Take these salad rolls, for instance. I've made them no less than three times with the intention of sharing them with you. But they were never right. The first batch was made in the winter, when there was no natural light to photograph them, and the next day they were dried out. The second batch was overstuffed and tore. The third batch had wonky sprouts sticking out and the filling didn't show through in the lovely way I'd hoped it would.
But you know what? They were delicious. And this is real life. So yes, the lighting is horrific in the iPhone snapshots I am sharing with you, but I am only telling you that because of the point I am trying to make - don't apologize for your cooking, your photography, your singing or whatever else you like to do, even if you do it questionably. If you don't tell people it's bad, they might not notice! Strut it like the short shorts.
I've shared shots from batches two and three. Number two was made in large rice wrappers with shrimp, and number three was made in itty bitty rice wrappers with just vegetables. The little ones are great for a party, but add shrimp and you've got a meal.
There's something about vietnamese salad rolls that make them utterly craveworthy. I think it's because you've got all the tastes and all the textures in one little bundle. It's the contrast of tender vermicelli noodles against vibrant, crunchy vegetables, wrapped into a chewy rice paper. The peanut dipping sauce steals the show. Nutty, tangy, sweet, salty and spicy; it hits all the spots!
- Prep Time
- 1 tbsp salt
- 4 cups boiling water
- 4 ounces dry vermicelli noodles (if they are in tied bundles, use 3)
- 1 tbsp fish sauce
- 1 tbsp lime juice
- 1 carrot, peeled and shredded
- 1/2 cucumber, shredded
- 1 cup bean sprouts
- 1/4 cup packed cilantro and/or shredded mint leaves
- 20 small rice paper circles or 10 large
To make the salad rolls: Pour boiling water into a deep baking dish and stir in salt to dissolve. Add vermicelli noodles and soak 2 minutes, until soft. Remove noodles from water (leaving the water in the dish), and transfer to a bowl. Sprinkle fish sauce and lime juice over top, and stir.

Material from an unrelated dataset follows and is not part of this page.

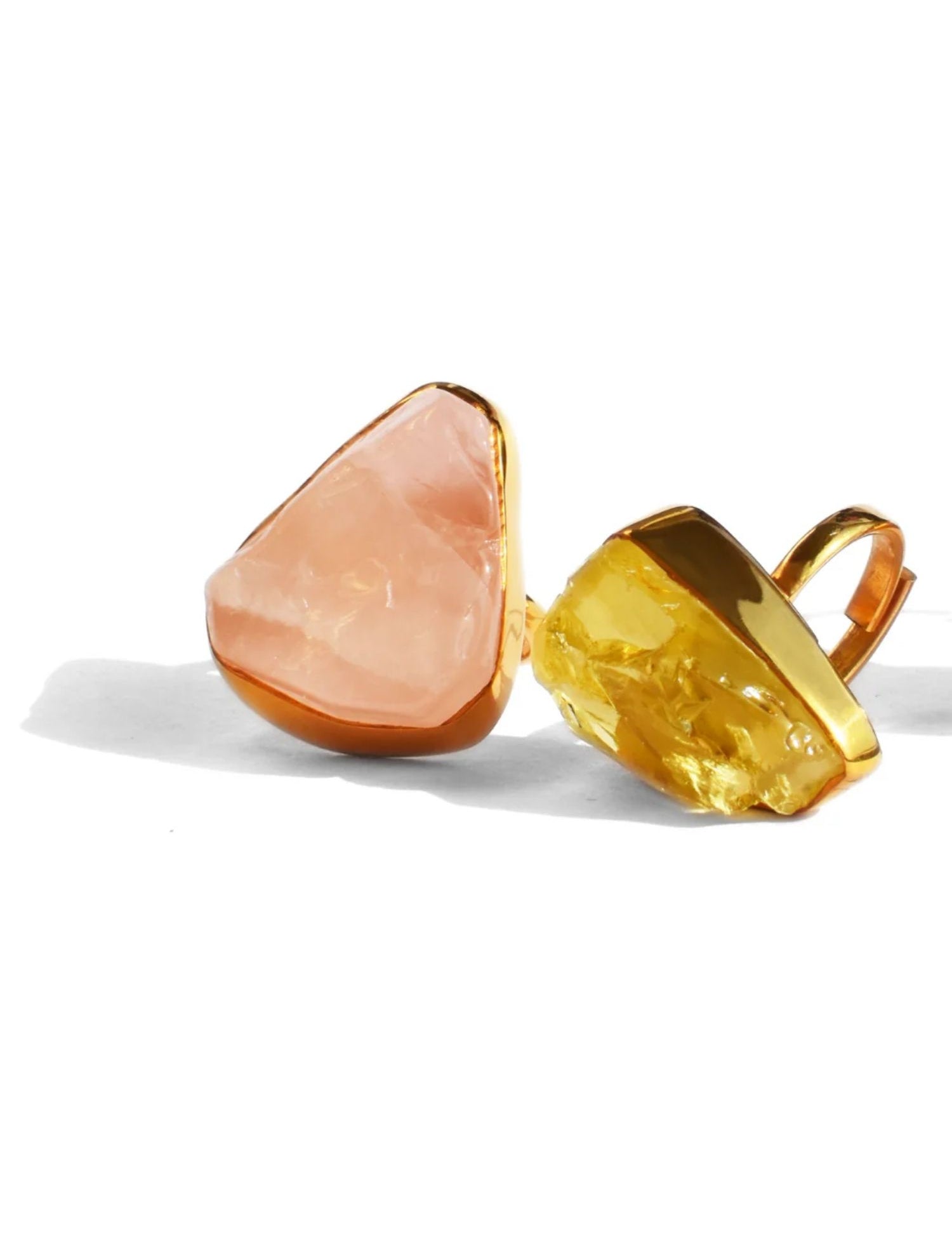 Rose quartz and citrine raw stone cocktail rings in gold setting on white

Soak a clean dishtowel in warm water, then ring it out and lay on work surface. Take one rice wrapper and dip it in the reserved hot water for about 15 seconds, just until softened. Lay it on the damp towel, and top the bottom third with some noodles, carrot, cucumber and bean sprouts.
Fold the bottom of the wrapper up over the filling, tuck in the sides, and roll the whole thing up. Transfer to a plate and cover with damp paper towels. Repeat with remaining rice wrappers.
To make peanut sauce: Microwave peanut butter for 30 seconds to loosen. Stir in remaining ingredients and add hot water as needed to reach desired consistency.